The Competition and Markets Authority (CMA) has released a Statement on coronavirus (COVID-19), consumer contracts, cancellation and refunds (“the Statement”) which sets out the CMA’s views as to how the law operates in relation to consumer contracts that are cancelled or varied due to COVID-19. The Statement should not be regarded as a substitute for, or a definitive interpretation, of the law.
Generally, the CMA’s view is that where a contract is unable to go ahead due to being prevented by lockdown laws, the consumer would be entitled to a full refund. The CMA consider that in these circumstances, the contract would become frustrated, meaning that the contract comes to an end due to events outside of either party’s control making the contract impossible to perform, or radically changes the nature of the contract.
Where the consumer has received some of the services that they have paid for then the CMA’s view is that they would be entitled to at least a refund for the services that have not been provided. In some cases, the business may also be able to deduct a contribution to the costs it has already incurred in relation to the specific consumer contract in question (where it cannot recover them elsewhere).
If a consumer has an ongoing contract, where they make regular payments for regular services, then they will be entitled to a refund for services that have not been provided due to lockdown laws. Businesses may be able to require the consumer to make a small contribution to its costs until the provision of the service is resumed, but only where the contract terms set this out clearly and fairly and the consumer is free to end the contract if they do not wish to pay these fees.

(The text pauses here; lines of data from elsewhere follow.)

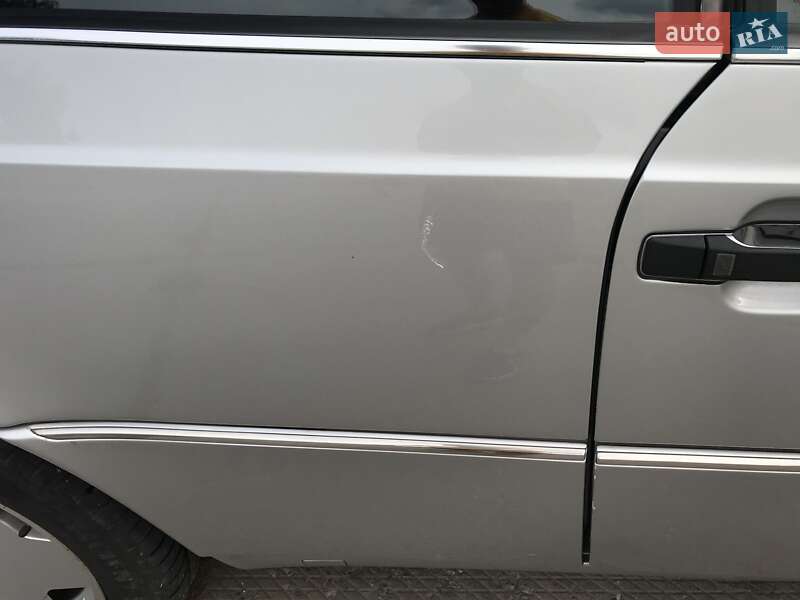 Купе Mercedes-Benz CL-Class 1997 в Житомире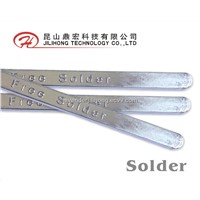 leadless soldering bar(Sn99Ag0.3Cu0.7)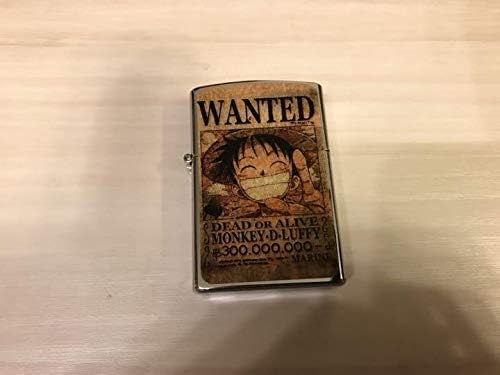 Amazon Co Jp One Piece ジッポ ライター ルフィ ホビー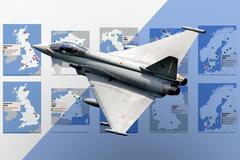 Evropa ztrácí vojenskou sílu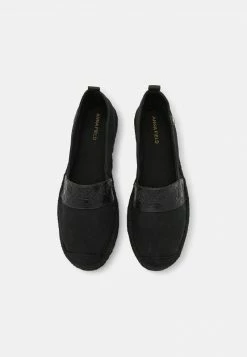 Anna Field Mocasines - Black, Mujer -Anna Field Ventas 2022 6eac75a486fe4499ad379c9d7e95912b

The CMA considers that, even where contract terms do not allow for a full refund, if a contract is required to be cancelled due to lockdown laws, the consumer would be entitled to a refund as the contract term is likely to be unfair and therefore unenforceable.
If a contract requires the consumer to pay early for future services then the business should not seek payment if it knows that it is likely to be prevented from operating the consumer contracts due to lockdown laws. Where it is reasonably likely that the business will be able to provide the future services, it can generally require the consumer to carry on making contractual payments in advance of performance.

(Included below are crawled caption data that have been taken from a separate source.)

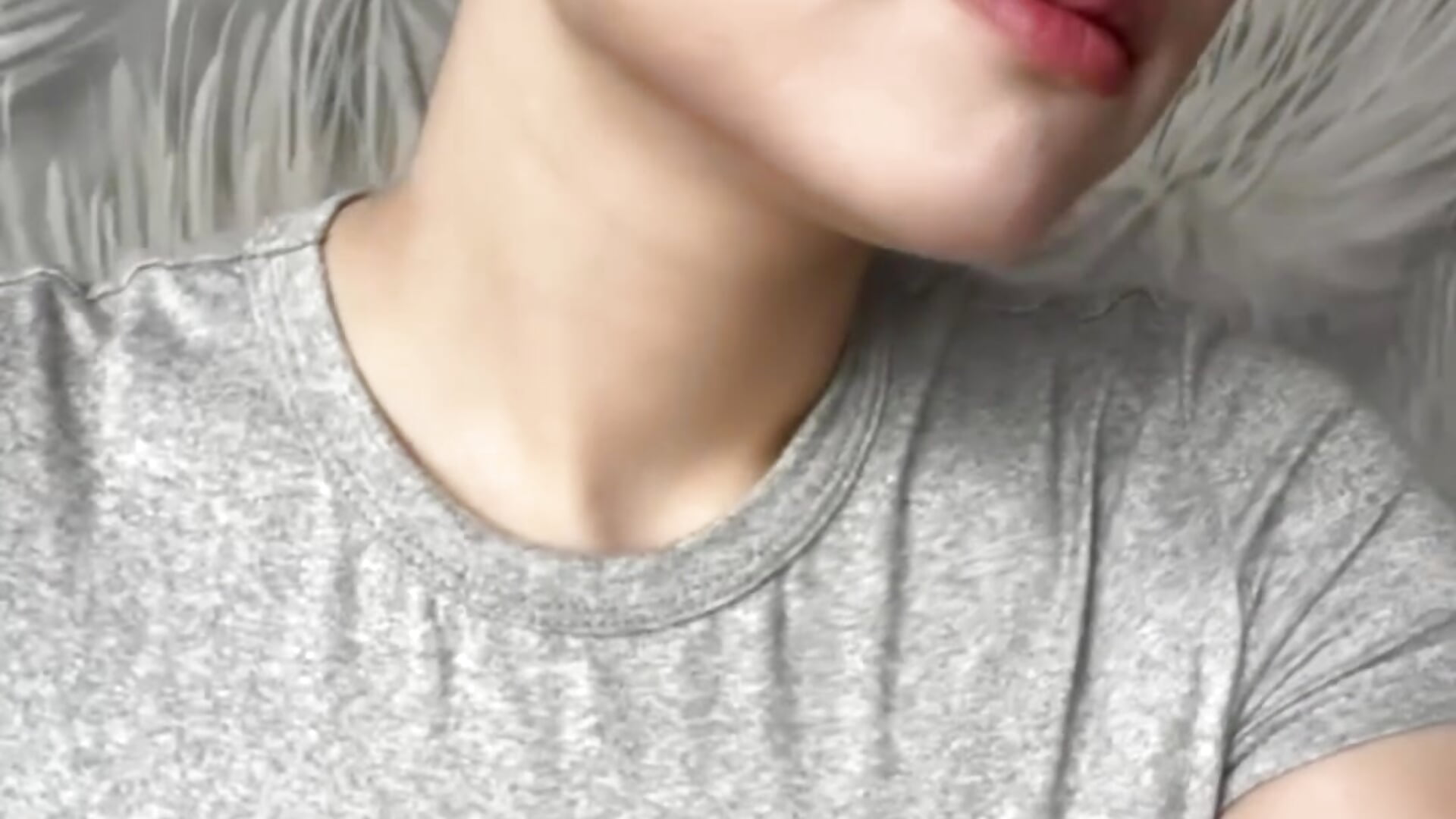 (੭ ˊ^ˋ)੭ ♡ - video by Harlybaby_2007 cam model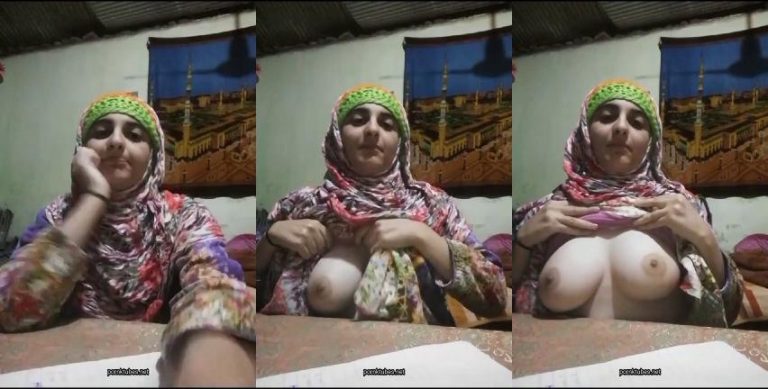 Cute pak Muslim Girl Boobs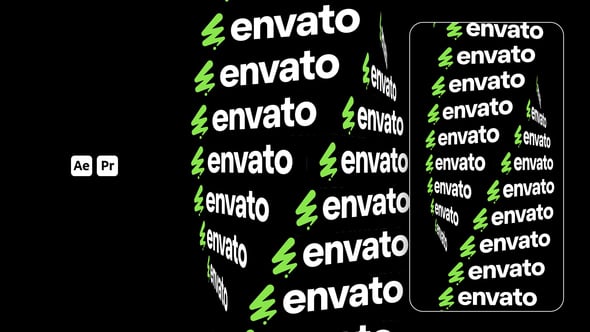 Videohive Kinetic Logos 05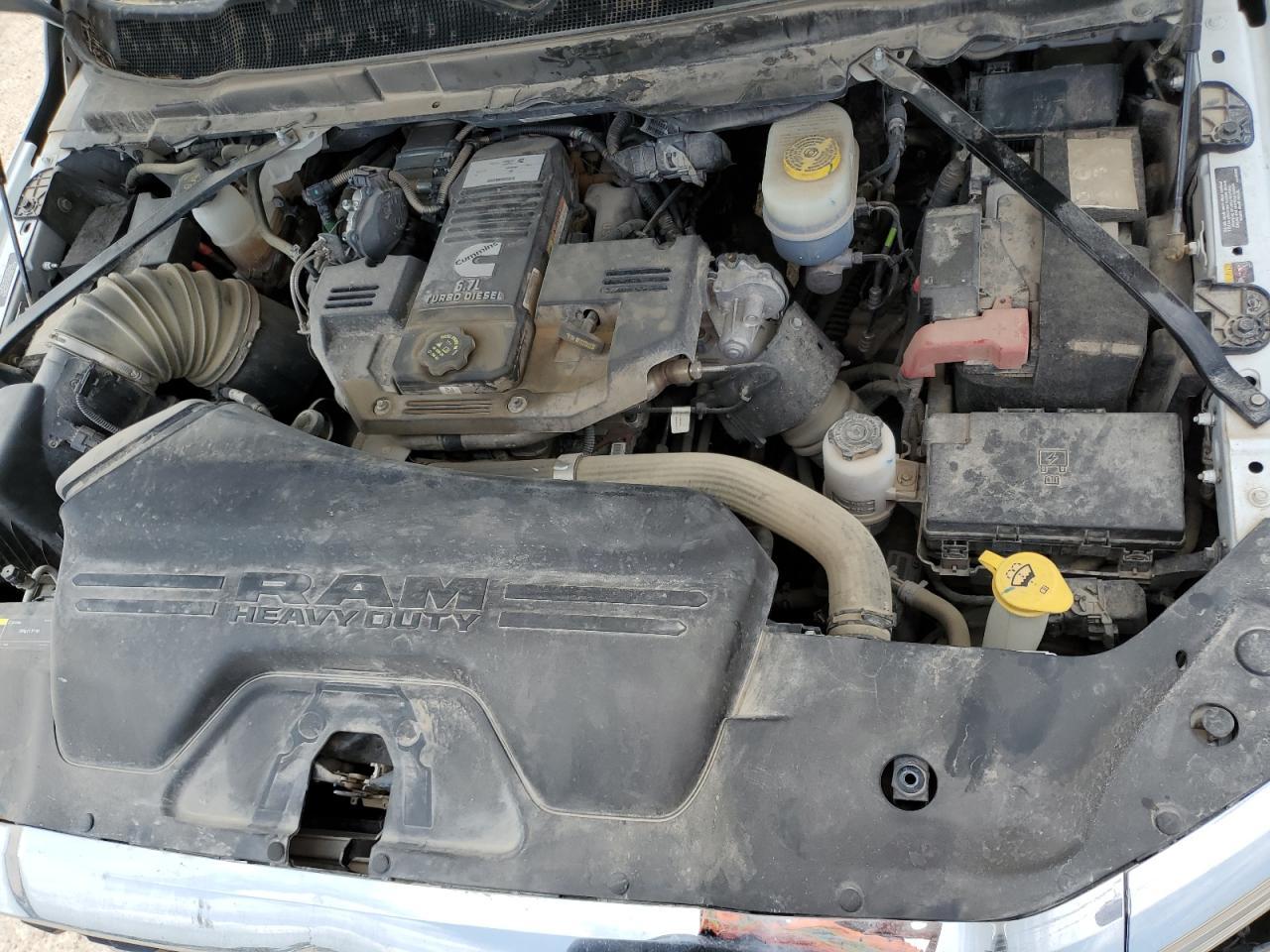 2024 RAM 2500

Businesses may attempt to re-draft their standard terms and conditions so that full refunds are not provided due to COVID-19 related events however, where the terms related to consumers, it is likely that the terms could be regarded as unfair and therefore be unenforceable. Terms are more likely to be considered fair and enforceable if they are appropriately and clearly brought to the consumer’s attention before they enter into the contract and if they allow for a large proportion of payment to be refunded and only allow the business to withhold a limited amount for any costs it has already incurred.

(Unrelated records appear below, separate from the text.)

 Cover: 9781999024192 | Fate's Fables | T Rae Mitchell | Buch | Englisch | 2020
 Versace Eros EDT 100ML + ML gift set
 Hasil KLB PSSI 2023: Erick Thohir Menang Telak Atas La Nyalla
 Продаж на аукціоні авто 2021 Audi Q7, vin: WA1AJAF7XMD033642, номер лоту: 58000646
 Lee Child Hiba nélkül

Where performance of a contract is made more difficult to perform, or where the consumer does not wish to go ahead, due to government guidance then the situation is likely to be more complex. For package holidays, the consumer is likely to be entitled to a full refund, however for other arrangements this may not be the case and the position is likely to depend on the specific facts of each case. Where a business intends to rely on the terms under the contract, it must ensure that these are fair.
In summary, the CMA’s view is that businesses must treat consumers fairly and responsibly in circumstances relating to the COVID-19 pandemic and this may include trying to find a mutually acceptable solution. Ultimately, however, only the Court can decide how the law applies, and in many cases this will be the first time that these issues have been considered in the context of a pandemic like COVID-19.